Back home, I summoned his younger brother into the living room. “Sit down,” I told him. “We are going to watch Captain Marvel together. I have been waiting to watch this since I was 8 years old.”
I inserted the first cassette into the video player, and sat back with a beating heart. The film began. I was pleased to see that the quality of the picture was as good as it could possibly be – clearly, the video had been recorded by a professional. Unfortunately, the film was shit. This was made clear by my son’s unabashed hysteria. At one point, Billy Batson, Captain Marvel’s alter ego, utters the magic word “Shazam!”, transforming him into the titular hero. Lighting flashes, smoke fills the screen, and Captain Marvel appears in all his tight-wearing glory, before suddenly leaping into the air and flying out of a window. “Oh my God,” said one of my sons, putting unwanted words into Captain Marvel’s mouth, “My balls are showing.”

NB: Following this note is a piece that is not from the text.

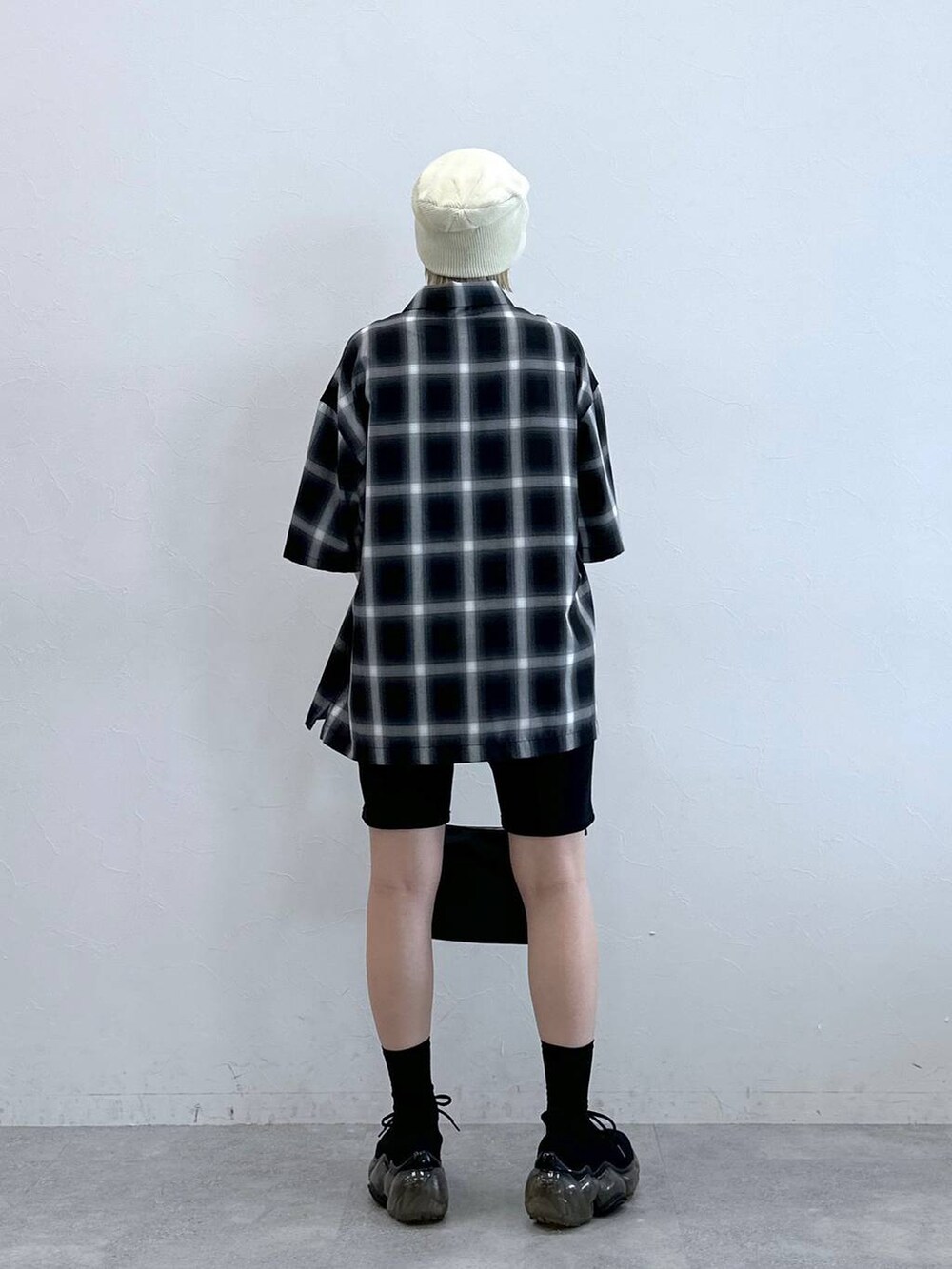 ブラック系のその他パンツ、ブラック系のシャツ/ブラウスを着用したレディースの夏コーディネートの3枚目の写真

I stuck it out for as long as I could (as did Captain Marvel), before wearily giving in. This happened when Captain Marvel, appearing in a room full of thugs and gangsters, stood proud and defiant as they emptied their revolvers into him, their useless bullets bouncing off his impregnable chest. Then, just as he takes a step towards them, another thug hits him on the back of the head with a wooden chair, and down he goes, smiling and unconscious.
Following which I gave up on Captain Marvel. As did my kids. But we still love Batman.